Così non si vive, si sopravvive. E ci si gira anche un film, pagato con i soldi delle tasse e che racconta un sacco di luoghi comuni sciocchi, come se i precari fossero figli della cattiveria di chi amministra anziché d’un mercato che non s’aggiorna. Bersani vuol fare le riforme? Non gliele fecero fare neanche quando era al governo. La lenzuolata (perché non ne parla più?) l’appoggiammo noi e la smontarono i suoi. Poi arrivò il centro destra, capace di rinverdire un antico costume nazionale: le controriforme senza aver fatto le riforme (si veda, sempre ad esempio, la ventilata legge sulla professione forense). Vuole il governo di transizione, Bersani, ma transizione a che?

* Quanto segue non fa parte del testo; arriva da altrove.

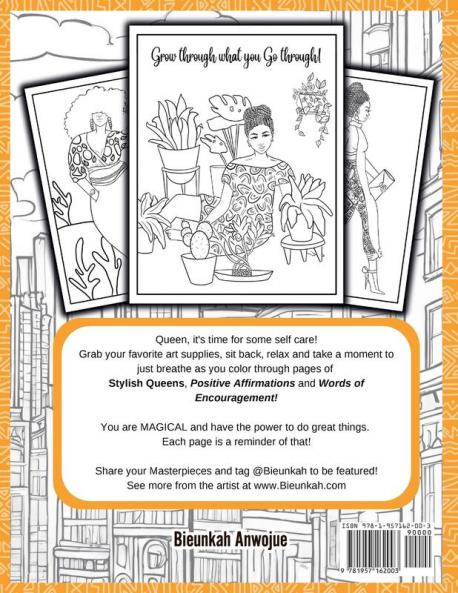 Fashion Queens: A Stylish Coloring Book of Affirmations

Eppure, anziché cincischiare nel nulla, anziché ottenere il non risultato di un governo che cala nei sondaggi assieme all’opposizione (ma ci pensate?), anziché esporsi al pubblico ludibrio di una minoranza che tira un sospiro di sollievo se si evita di tornare a votare, Bersani, o chi per lui, avrebbe un’occasione politica servita su un piatto d’argento: il governo impallato gli consente di opporsi, da una parte, al reiterato tentativo, semi-golpistico, di non riconoscere il valore del voto popolare, ma, dall’altra, di ricordare che il consenso non basta, che non basta nemmeno cambiare la legge che lo calcola (il sistema elettorale) e che servono riforme costituzionali, offrendo una sede costituente, eletta o nominata, nella quale dare forma alla terza Repubblica. Se ne ricorderebbero, di Bersani (o di chi per lui), perché resterebbe nella memoria come colui il quale chiuse il passato della sinistra comunista e dischiuse il futuro a una forza legittimata ad aspirare al voto maggioritario degli italiani.

Il guaio è che a molti politici italiani, come a tanti cineasti, non interessa il successo reale del loro mestiere e del loro mercato, ma solo le norme e i quattrini che servano a mantenerli pasciuti e riveriti. Meritevoli d’onori effimeri e successivo oblio.